Monday, May 12, 2014

What's wrong with Aster, and how do you pronounce it?

By and large, CHASA parents don't like being asked "What's wrong with Kid X?" because it implies that Kid X isn't right, needs fixing, is broken or wasn't as God intended (by and large, they also dislike being told that "Nothing is wrong with Kid X," but that's a subject of some other posts).  But something is wrong with Aster, otherwise I wouldn't be fighting him to put on a stiff night brace or driving 80 miles each way for a hand therapist appointment, and I wouldn't be raising much awareness through my blogging streak if I claimed otherwise.
Well, clearly something is wrong.
Perhaps The Mister gave him the wrong cup?
Available evidence suggests that Aster had a stroke while I was pregnant.  It was somewhere before 23 weeks, and probably after 18.
As a result, he had an enlarged left ventricle when measured by ultrasound at 23 weeks in utero, and an MRI done at age two shows that he has scarring around his left ventricle, consistent with a prenatal stroke.  
As a result of the stroke and related brain damage, he does not use the right side of his body the same way that he uses his left.  He was slow to crawl, slow to walk, and rarely uses his right hand.
This non-progressive permanent movement disorder falls under the general heading of cerebral palsy (CP). Specifically, he has "hemiplegic infantile cerebral palsy" with a more recently added note about "cerebrovascular accident with right hemiparesis."  The "hemiplegic" suggest that only one side of his body is affected and the "hemiparesis" suggests that he has weakness on one side, rather than actual paralysis.

Hemiplegic can be the least debilitating of the many types of CP, and Aster seems less affected, at least so far, than many others with similar diagnoses.  Childhood strokes and CP are associated with cognitive delays, sensory issues, balance issues, emotional processing issues, seizures, hip and shoulder problems and a full slew of other potential complications.  We have evidence for a few predictions, for instance, according to the pediatric neurologist, the location of Aster's damage makes it less likely that he will be prone to seizures. Good predictive factors, however, seem few and far between.  Human neural connections are remarkably plastic, but we don't know how much where or when the damage occurred matters.  We know that some CP patients have remarkable success treating "symptoms" while many others just don't. "Neurotypical" three-year-olds have a hard enough time recognizing when it is time to "go" that we just can't ask our child with hemiplegia if his unwillingness to use a potty is because one side of his body feels different than the other.  

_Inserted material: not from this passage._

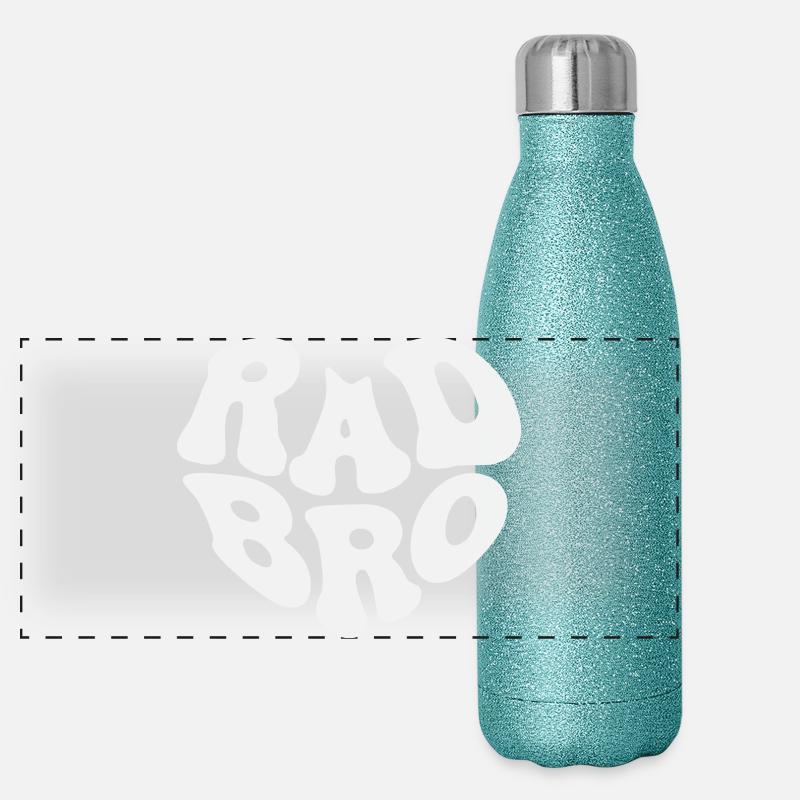 Rad Brother – Retro Heart (Custom Color) Panorama Glitzer Isolierflasche 500 ml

As a mother, I'd like a better gazing ball (more on that later).

As humanity, we need more information so that we can better help kids with CP, whether or not something is wrong with them. 

By the way, I tend to go full blown American and say "suh-REE-bral" but "ser-uh-bral" is also acceptable (and I'm fine with seruble as well), if that matters to you.   Hemiplegia= "Hemi- plee-GEE-ah" if I can't get around it and "hemi-puh-lee-gic" which I know is just wrong, but is closest to how I would pronounce "quadriplegic".

Also, by the way, I think Aster is just right, even though there is something wrong with him.

3 comments:

Anonymous said...

I'm just impressed about the potty training. Mine's too busy to even consider sitting there most days.
Beth

Sparkling Squirrel said...

Beth, I didn't mean to imply anything about actual potty training success, just that we don't know enough, and kids that age can't communicate enough, to know if our lack of success is stroke related or "typical" 2 year 9 month behavior.

Prairie Quilter said...

I have to agree, Aster is just right and normally has that wonderful "million Dollar " smile.